▶ **WHAT IS EXPECTED**
The line containing "l'installation de la" marks the end: write out exactly every line from the first line of the data below through that line, and only those.

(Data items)

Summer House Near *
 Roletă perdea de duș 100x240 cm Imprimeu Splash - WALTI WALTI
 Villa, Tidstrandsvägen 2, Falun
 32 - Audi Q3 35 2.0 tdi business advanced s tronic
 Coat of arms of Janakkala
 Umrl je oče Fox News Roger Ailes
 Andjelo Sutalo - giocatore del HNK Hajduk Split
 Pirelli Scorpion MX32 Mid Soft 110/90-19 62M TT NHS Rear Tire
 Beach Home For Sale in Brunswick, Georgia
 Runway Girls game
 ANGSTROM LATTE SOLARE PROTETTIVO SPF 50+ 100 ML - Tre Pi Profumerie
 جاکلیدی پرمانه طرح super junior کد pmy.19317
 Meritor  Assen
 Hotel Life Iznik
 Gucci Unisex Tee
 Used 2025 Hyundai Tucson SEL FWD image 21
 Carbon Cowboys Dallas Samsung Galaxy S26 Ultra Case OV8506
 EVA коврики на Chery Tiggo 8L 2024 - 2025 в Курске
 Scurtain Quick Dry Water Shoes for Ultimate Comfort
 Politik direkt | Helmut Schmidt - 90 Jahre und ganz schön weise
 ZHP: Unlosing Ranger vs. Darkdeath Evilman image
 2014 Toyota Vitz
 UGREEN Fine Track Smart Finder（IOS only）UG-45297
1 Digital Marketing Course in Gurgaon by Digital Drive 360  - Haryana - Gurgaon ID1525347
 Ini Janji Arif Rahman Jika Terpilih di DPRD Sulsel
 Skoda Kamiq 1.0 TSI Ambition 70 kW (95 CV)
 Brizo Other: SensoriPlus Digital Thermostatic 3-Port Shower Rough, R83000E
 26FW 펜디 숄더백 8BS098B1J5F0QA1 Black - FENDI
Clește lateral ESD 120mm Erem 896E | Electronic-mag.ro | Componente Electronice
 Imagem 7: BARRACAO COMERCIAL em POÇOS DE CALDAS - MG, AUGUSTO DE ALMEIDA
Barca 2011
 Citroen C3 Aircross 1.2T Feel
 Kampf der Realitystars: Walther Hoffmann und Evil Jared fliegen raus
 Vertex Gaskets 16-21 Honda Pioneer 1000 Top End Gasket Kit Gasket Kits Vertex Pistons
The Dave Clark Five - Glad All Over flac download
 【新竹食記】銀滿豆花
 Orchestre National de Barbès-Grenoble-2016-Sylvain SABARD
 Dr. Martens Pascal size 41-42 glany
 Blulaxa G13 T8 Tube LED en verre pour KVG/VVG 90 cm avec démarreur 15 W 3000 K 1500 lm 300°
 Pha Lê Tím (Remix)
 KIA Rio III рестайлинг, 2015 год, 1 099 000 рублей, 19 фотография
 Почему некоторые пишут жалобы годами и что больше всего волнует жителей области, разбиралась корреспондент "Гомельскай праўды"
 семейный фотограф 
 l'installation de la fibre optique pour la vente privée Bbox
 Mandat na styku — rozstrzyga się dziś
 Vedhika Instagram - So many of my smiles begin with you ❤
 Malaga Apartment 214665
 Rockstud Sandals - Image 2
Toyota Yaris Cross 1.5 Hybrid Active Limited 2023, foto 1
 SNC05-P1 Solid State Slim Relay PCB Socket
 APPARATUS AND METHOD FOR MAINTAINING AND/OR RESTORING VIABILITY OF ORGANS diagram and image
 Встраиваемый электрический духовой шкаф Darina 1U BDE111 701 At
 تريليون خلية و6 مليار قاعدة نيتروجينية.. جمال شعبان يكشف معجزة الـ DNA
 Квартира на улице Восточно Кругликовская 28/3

▶ **SOLVED EXERCISE**
Summer House Near *
 Roletă perdea de duș 100x240 cm Imprimeu Splash - WALTI WALTI
 Villa, Tidstrandsvägen 2, Falun
 32 - Audi Q3 35 2.0 tdi business advanced s tronic
 Coat of arms of Janakkala
 Umrl je oče Fox News Roger Ailes
 Andjelo Sutalo - giocatore del HNK Hajduk Split
 Pirelli Scorpion MX32 Mid Soft 110/90-19 62M TT NHS Rear Tire
 Beach Home For Sale in Brunswick, Georgia
 Runway Girls game
 ANGSTROM LATTE SOLARE PROTETTIVO SPF 50+ 100 ML - Tre Pi Profumerie
 جاکلیدی پرمانه طرح super junior کد pmy.19317
 Meritor  Assen
 Hotel Life Iznik
 Gucci Unisex Tee
 Used 2025 Hyundai Tucson SEL FWD image 21
 Carbon Cowboys Dallas Samsung Galaxy S26 Ultra Case OV8506
 EVA коврики на Chery Tiggo 8L 2024 - 2025 в Курске
 Scurtain Quick Dry Water Shoes for Ultimate Comfort
 Politik direkt | Helmut Schmidt - 90 Jahre und ganz schön weise
 ZHP: Unlosing Ranger vs. Darkdeath Evilman image
 2014 Toyota Vitz
 UGREEN Fine Track Smart Finder（IOS only）UG-45297
1 Digital Marketing Course in Gurgaon by Digital Drive 360  - Haryana - Gurgaon ID1525347
 Ini Janji Arif Rahman Jika Terpilih di DPRD Sulsel
 Skoda Kamiq 1.0 TSI Ambition 70 kW (95 CV)
 Brizo Other: SensoriPlus Digital Thermostatic 3-Port Shower Rough, R83000E
 26FW 펜디 숄더백 8BS098B1J5F0QA1 Black - FENDI
Clește lateral ESD 120mm Erem 896E | Electronic-mag.ro | Componente Electronice
 Imagem 7: BARRACAO COMERCIAL em POÇOS DE CALDAS - MG, AUGUSTO DE ALMEIDA
Barca 2011
 Citroen C3 Aircross 1.2T Feel
 Kampf der Realitystars: Walther Hoffmann und Evil Jared fliegen raus
 Vertex Gaskets 16-21 Honda Pioneer 1000 Top End Gasket Kit Gasket Kits Vertex Pistons
The Dave Clark Five - Glad All Over flac download
 【新竹食記】銀滿豆花
 Orchestre National de Barbès-Grenoble-2016-Sylvain SABARD
 Dr. Martens Pascal size 41-42 glany
 Blulaxa G13 T8 Tube LED en verre pour KVG/VVG 90 cm avec démarreur 15 W 3000 K 1500 lm 300°
 Pha Lê Tím (Remix)
 KIA Rio III рестайлинг, 2015 год, 1 099 000 рублей, 19 фотография
 Почему некоторые пишут жалобы годами и что больше всего волнует жителей области, разбиралась корреспондент "Гомельскай праўды"
 семейный фотограф 
 l'installation de la fibre optique pour la vente privée Bbox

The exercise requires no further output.